During the summer, I delivered a series of workshops and seminars on Long Term Athlete Development and I had much interest from delegates asking where they could find suggestions on individual training parameters dependant on maturation. As I said in the workshops – Peak Height Velocity (PHV) is the best correlation to windows of trainability and these notes (below) should be used as a guideline only.
Aligned to Balyi’s (2004) research, it is vital to ensure children are trained in the right way at the correct age. Balyi suggests the following:
1st Speed window (F = 6-8, M = 7-9)
Learning to Train
Peak Motor coordination (F = 11, M = 12)
Training to Train
2nd Speed window (F = 12-13, M = 13-15)
»Peak Height Velocity (F = 12-13, M = 13-15)
»1st Strength Window for females at the end of PHV
Training to Compete
Peak strength development (M = 16-20) – 12 months AFTER PHV.
»2nd Strength Window for females at onset of menarche.
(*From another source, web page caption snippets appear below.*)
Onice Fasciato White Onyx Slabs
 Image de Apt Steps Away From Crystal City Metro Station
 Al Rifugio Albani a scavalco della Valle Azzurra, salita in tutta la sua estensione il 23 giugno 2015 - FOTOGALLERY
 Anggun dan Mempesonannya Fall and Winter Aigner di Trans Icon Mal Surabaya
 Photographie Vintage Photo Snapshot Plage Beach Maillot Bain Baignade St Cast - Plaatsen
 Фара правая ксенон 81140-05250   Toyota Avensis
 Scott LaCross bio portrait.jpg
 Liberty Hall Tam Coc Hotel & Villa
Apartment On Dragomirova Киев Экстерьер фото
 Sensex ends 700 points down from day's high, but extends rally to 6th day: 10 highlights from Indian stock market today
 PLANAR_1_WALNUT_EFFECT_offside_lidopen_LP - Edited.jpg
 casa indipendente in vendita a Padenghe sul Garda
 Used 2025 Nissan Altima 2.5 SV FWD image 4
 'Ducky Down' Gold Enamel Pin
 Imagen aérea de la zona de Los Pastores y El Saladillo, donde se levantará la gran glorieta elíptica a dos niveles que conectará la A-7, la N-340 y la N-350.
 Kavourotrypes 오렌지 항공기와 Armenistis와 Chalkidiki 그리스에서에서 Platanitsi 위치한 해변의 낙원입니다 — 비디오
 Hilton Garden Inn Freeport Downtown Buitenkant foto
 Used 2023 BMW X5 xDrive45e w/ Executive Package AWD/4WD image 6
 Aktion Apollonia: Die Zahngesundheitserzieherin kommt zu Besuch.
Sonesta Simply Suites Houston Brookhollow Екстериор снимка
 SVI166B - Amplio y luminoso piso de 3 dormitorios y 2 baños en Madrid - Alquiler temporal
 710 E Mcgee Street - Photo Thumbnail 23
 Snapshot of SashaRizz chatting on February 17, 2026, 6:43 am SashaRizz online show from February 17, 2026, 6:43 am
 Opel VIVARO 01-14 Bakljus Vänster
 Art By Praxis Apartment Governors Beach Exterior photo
With this in mind and many coaches adopting the pathway of development there are some elements to take into consideration. Firstly, each window is for optimal development and should not be completed alone. During the Train to Train phase, many athletes loose coordination due to their peak height velocity. It is essential to ensure motor coordination is maintained and developed in this phase. Just because it is not a peak factor does not render the development redundant – in fact, it is often equally important. Secondly, flexibility development is essential for all sports and must be developed at each stage. Importantly, flexibility benefits are high during the FUNdamental stages and should be completed alongside any form of strength training.
There is much debate around the stage where Psychological preparations should start. There is no definite chronological or biological age but would look further back than the FUNdamental stage. It is straightforward to see the sociological impact a child has and the way they learn new skills, behave and are confident in their abilities. I would suggest that like language, there is a critical development age where psychological preparations occur and like biological development, there is a peak velocity.
Nelson (2005) suggests that the optimal age for psychological development occurs during adolescence, where sociological development is at it highest. Furthermore, there has been a link with the exposure of children to adult environments and the quicker the development of children.
In conclusion, doing the right thing at the right age is important to the overall development of the child. There are researched recommendations but will all research, please ensure an individualised approach is adopted to optimise any windows of development.